Confidential Computing for AI Workloads
An explainer on GPU-CC and its relevance to secure AI exports
Introduction
Two things surprised me at an October 2025 workshop hosted by the Confidential Computing Consortium. First, NVIDIA began researching GPU-level confidential computing six years ago because one customer asked for it. Second, Google’s TPUs do not yet support it.1 The technology exists, but the accelerator landscape is fragmented.
Two trends make accelerator-level confidential computing newly urgent.
First, frontier labs are diversifying their hardware and cloud uses. In November 2025, Anthropic became the first frontier AI company with partnerships across all three major cloud providers: Amazon Web Services, Google Cloud, and Microsoft Azure. It trains and deploys models on custom AWS Trainium and Inferentia, Google TPUs, and NVIDIA GPUs. In October 2025, OpenAI announced deals with Broadcom and AMD to supplement its NVIDIA fleet with custom silicon starting in 2026. Each chip has different security architectures. Model weights are only as secure as the least secure chip or data center they run in.
Second, U.S. export policy is moving toward exporting a full AI stack. The July 2025 AI Action Plan promotes exporting America’s “full AI technology stack—hardware, models, software applications and standards—to all countries willing to join America’s AI alliance.” Executive Order 14320 operationalizes this by requiring full-stack proposals for approved deployments abroad. The vision taking shape is chips and data centers in partner countries, operated by U.S. cloud firms. But this means infrastructure in environments where local employees, data center operators, or state actors pose further security threats.
For frontier AI model weights (the learned parameters that define what an AI model can do), this combination is concerning. These weights represent the core intellectual property of frontier AI labs and, increasingly, national security assets. Security reduces to the weakest link: the least secure chip and data center in the deployment footprint.
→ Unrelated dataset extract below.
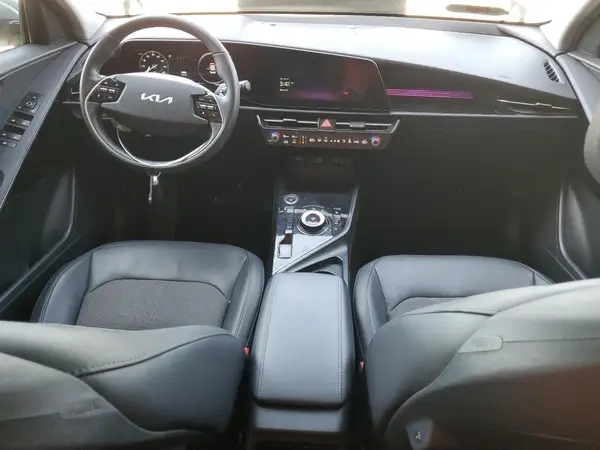KNDCR3L10P5025163 2023 KIA NIRO - Image 8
In this blog post, I begin with how confidential computing works, what problems it solves, and why businesses adopted it. Then I explain why AI workloads require extending confidential computing from CPUs to GPUs, a development that only became possible in 2023. I turn to the security frameworks that frontier labs use to think about model weight protection, and survey which accelerators currently support the technology. I close with an opportunity for standards innovation and its relevance to policymakers evaluating AI infrastructure security.
Confidential Computing
Traditional security protects data stored on disk (”at rest”) and data moving across a network (”in transit”). But when data is being processed (”in use”), it must be decrypted so a computer can work with it. During processing, the unencrypted data is exposed in the computer’s working memory. Model weights face exactly this vulnerability: during training, they are computed and stored in memory as the model learns, and during inference, they must be loaded into memory.
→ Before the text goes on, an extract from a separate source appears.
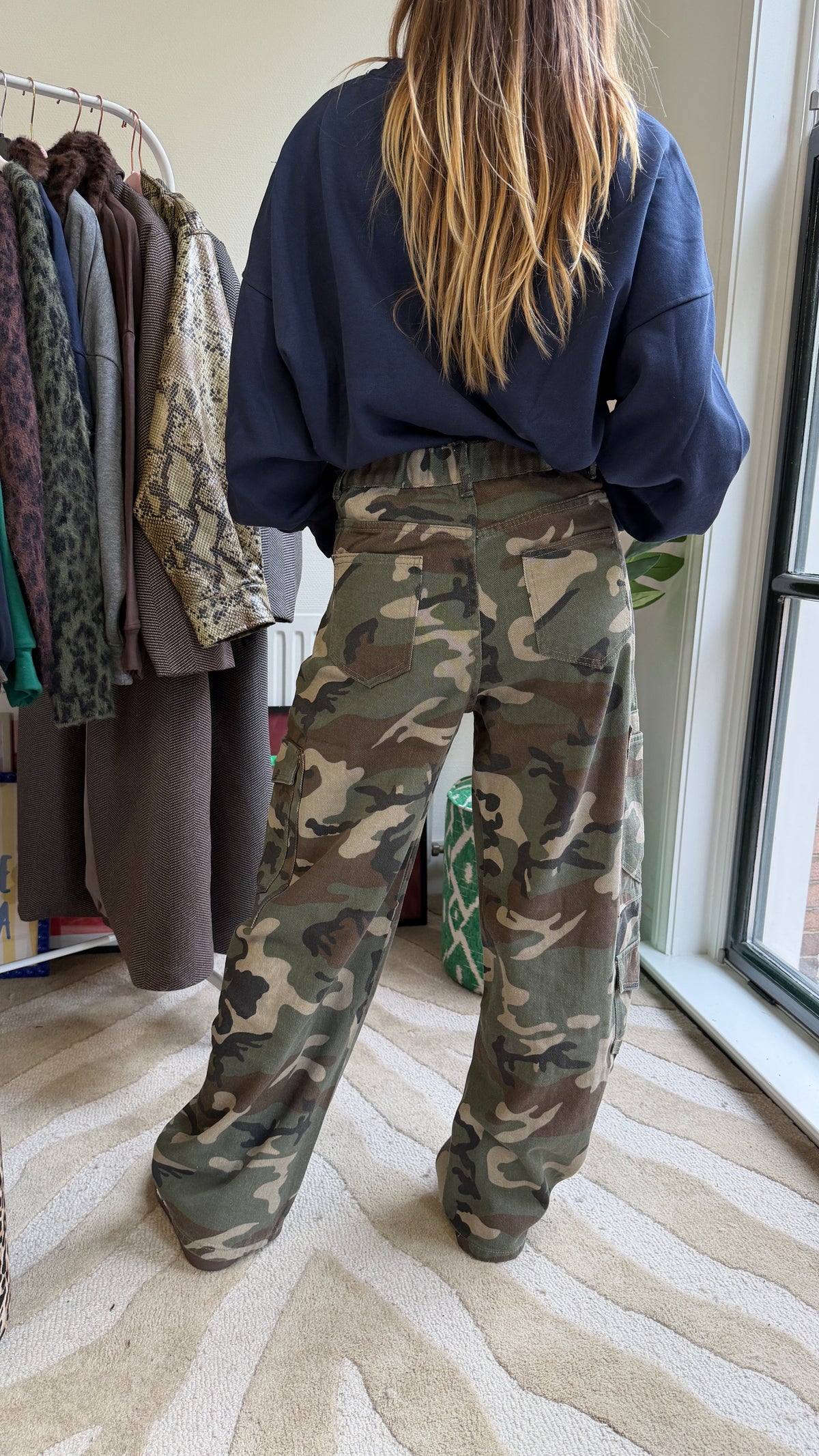 CAMO MUSTHAVE BARREL JEANS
Several layers of software can access this memory: the operating system, which manages all programs on the machine; the hypervisor, which lets multiple virtual machines share the same physical server; and the cloud provider’s administrative tools. System administrators, cloud provider employees, or attackers who compromise any of these layers can read or modify the data.
This gap has become a major attack surface. As encryption became standard for data at rest and in transit, attackers moved to where encryption stops.
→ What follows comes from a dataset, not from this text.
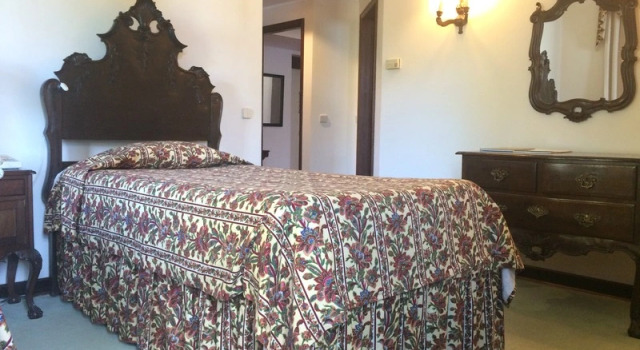 Одноместный номер Standard с балконом Hotel Urgeirica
Confidential computing (CC) addresses this vulnerability by protecting data in use. Instead of trusting the cloud provider, system administrators, the hypervisor, and the operating system, confidential computing runs workloads inside hardware-based Trusted Execution Environments (TEEs).
A Trusted Execution Environment is an environment implemented at the processor level that provides security guarantees for the code and data running inside it. Within a TEE, secure enclaves are isolated portions of memory where sensitive data and code can be processed. TEEs provide the comprehensive secure environment at the hardware level, while enclaves are specific protected regions created within that environment.
This shrinks the trusted computing base dramatically. The trusted computing base is the set of components that must be trusted not to leak or tamper with data. For a model running in a cloud region outside an organization’s direct control, this reduced trust requirement becomes powerful.
A TEE must provide three core guarantees:
Data confidentiality: Unauthorized parties cannot view data while it is in use.
Data integrity: Unauthorized parties cannot alter data during processing.
Code integrity: Unauthorized parties cannot modify the running code.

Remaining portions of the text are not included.